#### Data for processing:
- - -
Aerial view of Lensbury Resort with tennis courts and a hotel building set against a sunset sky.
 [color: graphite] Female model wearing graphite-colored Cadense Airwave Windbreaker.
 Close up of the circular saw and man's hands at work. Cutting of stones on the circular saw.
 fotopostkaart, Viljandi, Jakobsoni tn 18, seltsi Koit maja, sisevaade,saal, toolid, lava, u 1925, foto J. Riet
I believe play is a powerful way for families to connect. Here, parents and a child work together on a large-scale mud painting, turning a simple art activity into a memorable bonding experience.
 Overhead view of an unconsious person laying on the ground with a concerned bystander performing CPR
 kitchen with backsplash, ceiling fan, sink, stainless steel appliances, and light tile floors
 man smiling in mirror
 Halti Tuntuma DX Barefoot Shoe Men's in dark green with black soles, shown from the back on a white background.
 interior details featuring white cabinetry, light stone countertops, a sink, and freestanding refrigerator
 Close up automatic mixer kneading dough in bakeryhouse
- - -
#### What is required:
Which lines in the data hold the string "work"? Copy each of them.

#### Response box:
 Close up of the circular saw and man's hands at work. Cutting of stones on the circular saw.
I believe play is a powerful way for families to connect. Here, parents and a child work together on a large-scale mud painting, turning a simple art activity into a memorable bonding experience.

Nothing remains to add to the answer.